Required work: Output the listing below, keeping each line exactly as it stands.

_ _ _ _ _

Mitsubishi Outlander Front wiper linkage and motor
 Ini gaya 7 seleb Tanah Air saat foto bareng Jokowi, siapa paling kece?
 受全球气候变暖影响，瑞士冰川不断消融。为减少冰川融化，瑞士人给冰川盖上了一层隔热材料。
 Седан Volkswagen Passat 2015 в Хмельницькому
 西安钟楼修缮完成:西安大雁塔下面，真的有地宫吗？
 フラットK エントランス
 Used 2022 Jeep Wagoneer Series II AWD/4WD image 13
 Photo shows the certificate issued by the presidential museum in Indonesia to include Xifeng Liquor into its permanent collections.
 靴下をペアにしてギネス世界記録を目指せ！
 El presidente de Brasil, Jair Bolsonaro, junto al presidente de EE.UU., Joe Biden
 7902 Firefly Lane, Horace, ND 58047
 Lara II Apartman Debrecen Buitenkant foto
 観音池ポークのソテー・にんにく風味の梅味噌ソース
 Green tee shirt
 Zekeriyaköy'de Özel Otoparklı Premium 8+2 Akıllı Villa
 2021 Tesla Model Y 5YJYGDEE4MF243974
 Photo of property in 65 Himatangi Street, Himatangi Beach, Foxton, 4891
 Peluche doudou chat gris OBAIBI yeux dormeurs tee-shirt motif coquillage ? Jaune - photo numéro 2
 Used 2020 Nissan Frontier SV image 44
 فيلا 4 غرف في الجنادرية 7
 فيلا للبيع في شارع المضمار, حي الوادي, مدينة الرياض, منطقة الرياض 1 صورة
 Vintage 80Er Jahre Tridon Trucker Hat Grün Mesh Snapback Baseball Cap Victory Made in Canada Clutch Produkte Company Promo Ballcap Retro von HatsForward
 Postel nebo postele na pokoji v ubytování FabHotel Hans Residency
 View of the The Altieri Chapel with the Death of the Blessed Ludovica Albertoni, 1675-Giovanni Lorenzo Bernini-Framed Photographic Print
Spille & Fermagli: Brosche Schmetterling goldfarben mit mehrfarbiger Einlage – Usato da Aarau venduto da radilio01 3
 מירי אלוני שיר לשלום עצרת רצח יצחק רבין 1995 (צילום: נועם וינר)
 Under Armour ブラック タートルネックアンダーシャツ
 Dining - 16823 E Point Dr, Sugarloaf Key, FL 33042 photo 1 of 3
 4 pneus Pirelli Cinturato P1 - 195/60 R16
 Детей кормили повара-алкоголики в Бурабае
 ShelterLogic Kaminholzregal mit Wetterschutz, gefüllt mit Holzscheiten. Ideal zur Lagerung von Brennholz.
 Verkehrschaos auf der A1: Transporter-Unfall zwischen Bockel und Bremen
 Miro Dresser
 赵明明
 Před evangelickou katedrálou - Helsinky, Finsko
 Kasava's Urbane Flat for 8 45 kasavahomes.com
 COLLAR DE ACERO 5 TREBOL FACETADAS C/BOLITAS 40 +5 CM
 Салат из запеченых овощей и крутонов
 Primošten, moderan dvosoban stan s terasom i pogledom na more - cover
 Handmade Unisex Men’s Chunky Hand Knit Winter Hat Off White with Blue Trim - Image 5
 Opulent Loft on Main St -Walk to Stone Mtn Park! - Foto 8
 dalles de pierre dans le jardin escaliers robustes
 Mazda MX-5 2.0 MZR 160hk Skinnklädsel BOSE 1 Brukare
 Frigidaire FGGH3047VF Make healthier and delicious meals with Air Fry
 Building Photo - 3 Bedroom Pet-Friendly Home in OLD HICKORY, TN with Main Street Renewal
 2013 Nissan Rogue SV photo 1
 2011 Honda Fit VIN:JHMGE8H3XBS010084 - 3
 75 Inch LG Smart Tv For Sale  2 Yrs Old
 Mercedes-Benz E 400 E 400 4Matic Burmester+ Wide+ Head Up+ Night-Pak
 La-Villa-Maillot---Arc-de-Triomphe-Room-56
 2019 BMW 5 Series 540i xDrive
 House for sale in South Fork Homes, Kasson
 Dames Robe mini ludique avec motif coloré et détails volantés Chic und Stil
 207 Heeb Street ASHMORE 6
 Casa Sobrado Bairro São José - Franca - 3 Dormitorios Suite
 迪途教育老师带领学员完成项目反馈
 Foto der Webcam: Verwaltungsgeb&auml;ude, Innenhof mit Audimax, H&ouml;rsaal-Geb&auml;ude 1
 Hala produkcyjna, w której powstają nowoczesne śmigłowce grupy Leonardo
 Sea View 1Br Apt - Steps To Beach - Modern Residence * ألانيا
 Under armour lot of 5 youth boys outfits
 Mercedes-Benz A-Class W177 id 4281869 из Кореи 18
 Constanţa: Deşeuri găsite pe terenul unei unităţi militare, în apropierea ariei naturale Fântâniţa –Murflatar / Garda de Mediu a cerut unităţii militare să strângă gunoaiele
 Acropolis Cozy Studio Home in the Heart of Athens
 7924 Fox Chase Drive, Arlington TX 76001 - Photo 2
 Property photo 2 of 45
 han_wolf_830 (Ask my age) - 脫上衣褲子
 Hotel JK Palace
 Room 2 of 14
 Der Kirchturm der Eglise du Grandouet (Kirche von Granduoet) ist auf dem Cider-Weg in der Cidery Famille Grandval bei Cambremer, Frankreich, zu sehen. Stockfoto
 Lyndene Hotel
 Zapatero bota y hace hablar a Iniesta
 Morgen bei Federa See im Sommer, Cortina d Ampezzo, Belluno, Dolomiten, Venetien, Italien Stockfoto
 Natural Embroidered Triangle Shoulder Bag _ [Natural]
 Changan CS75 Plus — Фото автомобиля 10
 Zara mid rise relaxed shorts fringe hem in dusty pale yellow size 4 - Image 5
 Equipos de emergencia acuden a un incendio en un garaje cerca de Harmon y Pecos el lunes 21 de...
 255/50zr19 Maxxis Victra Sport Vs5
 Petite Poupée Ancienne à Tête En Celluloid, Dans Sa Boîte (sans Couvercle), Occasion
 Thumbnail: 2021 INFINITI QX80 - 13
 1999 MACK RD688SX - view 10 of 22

_ _ _ _ _

Response below:
Mitsubishi Outlander Front wiper linkage and motor
 Ini gaya 7 seleb Tanah Air saat foto bareng Jokowi, siapa paling kece?
 受全球气候变暖影响，瑞士冰川不断消融。为减少冰川融化，瑞士人给冰川盖上了一层隔热材料。
 Седан Volkswagen Passat 2015 в Хмельницькому
 西安钟楼修缮完成:西安大雁塔下面，真的有地宫吗？
 フラットK エントランス
 Used 2022 Jeep Wagoneer Series II AWD/4WD image 13
 Photo shows the certificate issued by the presidential museum in Indonesia to include Xifeng Liquor into its permanent collections.
 靴下をペアにしてギネス世界記録を目指せ！
 El presidente de Brasil, Jair Bolsonaro, junto al presidente de EE.UU., Joe Biden
 7902 Firefly Lane, Horace, ND 58047
 Lara II Apartman Debrecen Buitenkant foto
 観音池ポークのソテー・にんにく風味の梅味噌ソース
 Green tee shirt
 Zekeriyaköy'de Özel Otoparklı Premium 8+2 Akıllı Villa
 2021 Tesla Model Y 5YJYGDEE4MF243974
 Photo of property in 65 Himatangi Street, Himatangi Beach, Foxton, 4891
 Peluche doudou chat gris OBAIBI yeux dormeurs tee-shirt motif coquillage ? Jaune - photo numéro 2
 Used 2020 Nissan Frontier SV image 44
 فيلا 4 غرف في الجنادرية 7
 فيلا للبيع في شارع المضمار, حي الوادي, مدينة الرياض, منطقة الرياض 1 صورة
 Vintage 80Er Jahre Tridon Trucker Hat Grün Mesh Snapback Baseball Cap Victory Made in Canada Clutch Produkte Company Promo Ballcap Retro von HatsForward
 Postel nebo postele na pokoji v ubytování FabHotel Hans Residency
 View of the The Altieri Chapel with the Death of the Blessed Ludovica Albertoni, 1675-Giovanni Lorenzo Bernini-Framed Photographic Print
Spille & Fermagli: Brosche Schmetterling goldfarben mit mehrfarbiger Einlage – Usato da Aarau venduto da radilio01 3
 מירי אלוני שיר לשלום עצרת רצח יצחק רבין 1995 (צילום: נועם וינר)
 Under Armour ブラック タートルネックアンダーシャツ
 Dining - 16823 E Point Dr, Sugarloaf Key, FL 33042 photo 1 of 3
 4 pneus Pirelli Cinturato P1 - 195/60 R16
 Детей кормили повара-алкоголики в Бурабае
 ShelterLogic Kaminholzregal mit Wetterschutz, gefüllt mit Holzscheiten. Ideal zur Lagerung von Brennholz.
 Verkehrschaos auf der A1: Transporter-Unfall zwischen Bockel und Bremen
 Miro Dresser
 赵明明
 Před evangelickou katedrálou - Helsinky, Finsko
 Kasava's Urbane Flat for 8 45 kasavahomes.com
 COLLAR DE ACERO 5 TREBOL FACETADAS C/BOLITAS 40 +5 CM
 Салат из запеченых овощей и крутонов
 Primošten, moderan dvosoban stan s terasom i pogledom na more - cover
 Handmade Unisex Men’s Chunky Hand Knit Winter Hat Off White with Blue Trim - Image 5
 Opulent Loft on Main St -Walk to Stone Mtn Park! - Foto 8
 dalles de pierre dans le jardin escaliers robustes
 Mazda MX-5 2.0 MZR 160hk Skinnklädsel BOSE 1 Brukare
 Frigidaire FGGH3047VF Make healthier and delicious meals with Air Fry
 Building Photo - 3 Bedroom Pet-Friendly Home in OLD HICKORY, TN with Main Street Renewal
 2013 Nissan Rogue SV photo 1
 2011 Honda Fit VIN:JHMGE8H3XBS010084 - 3
 75 Inch LG Smart Tv For Sale  2 Yrs Old
 Mercedes-Benz E 400 E 400 4Matic Burmester+ Wide+ Head Up+ Night-Pak
 La-Villa-Maillot---Arc-de-Triomphe-Room-56
 2019 BMW 5 Series 540i xDrive
 House for sale in South Fork Homes, Kasson
 Dames Robe mini ludique avec motif coloré et détails volantés Chic und Stil
 207 Heeb Street ASHMORE 6
 Casa Sobrado Bairro São José - Franca - 3 Dormitorios Suite
 迪途教育老师带领学员完成项目反馈
 Foto der Webcam: Verwaltungsgeb&auml;ude, Innenhof mit Audimax, H&ouml;rsaal-Geb&auml;ude 1
 Hala produkcyjna, w której powstają nowoczesne śmigłowce grupy Leonardo
 Sea View 1Br Apt - Steps To Beach - Modern Residence * ألانيا
 Under armour lot of 5 youth boys outfits
 Mercedes-Benz A-Class W177 id 4281869 из Кореи 18
 Constanţa: Deşeuri găsite pe terenul unei unităţi militare, în apropierea ariei naturale Fântâniţa –Murflatar / Garda de Mediu a cerut unităţii militare să strângă gunoaiele
 Acropolis Cozy Studio Home in the Heart of Athens
 7924 Fox Chase Drive, Arlington TX 76001 - Photo 2
 Property photo 2 of 45
 han_wolf_830 (Ask my age) - 脫上衣褲子
 Hotel JK Palace
 Room 2 of 14
 Der Kirchturm der Eglise du Grandouet (Kirche von Granduoet) ist auf dem Cider-Weg in der Cidery Famille Grandval bei Cambremer, Frankreich, zu sehen. Stockfoto
 Lyndene Hotel
 Zapatero bota y hace hablar a Iniesta
 Morgen bei Federa See im Sommer, Cortina d Ampezzo, Belluno, Dolomiten, Venetien, Italien Stockfoto
 Natural Embroidered Triangle Shoulder Bag _ [Natural]
 Changan CS75 Plus — Фото автомобиля 10
 Zara mid rise relaxed shorts fringe hem in dusty pale yellow size 4 - Image 5
 Equipos de emergencia acuden a un incendio en un garaje cerca de Harmon y Pecos el lunes 21 de...
 255/50zr19 Maxxis Victra Sport Vs5
 Petite Poupée Ancienne à Tête En Celluloid, Dans Sa Boîte (sans Couvercle), Occasion
 Thumbnail: 2021 INFINITI QX80 - 13
 1999 MACK RD688SX - view 10 of 22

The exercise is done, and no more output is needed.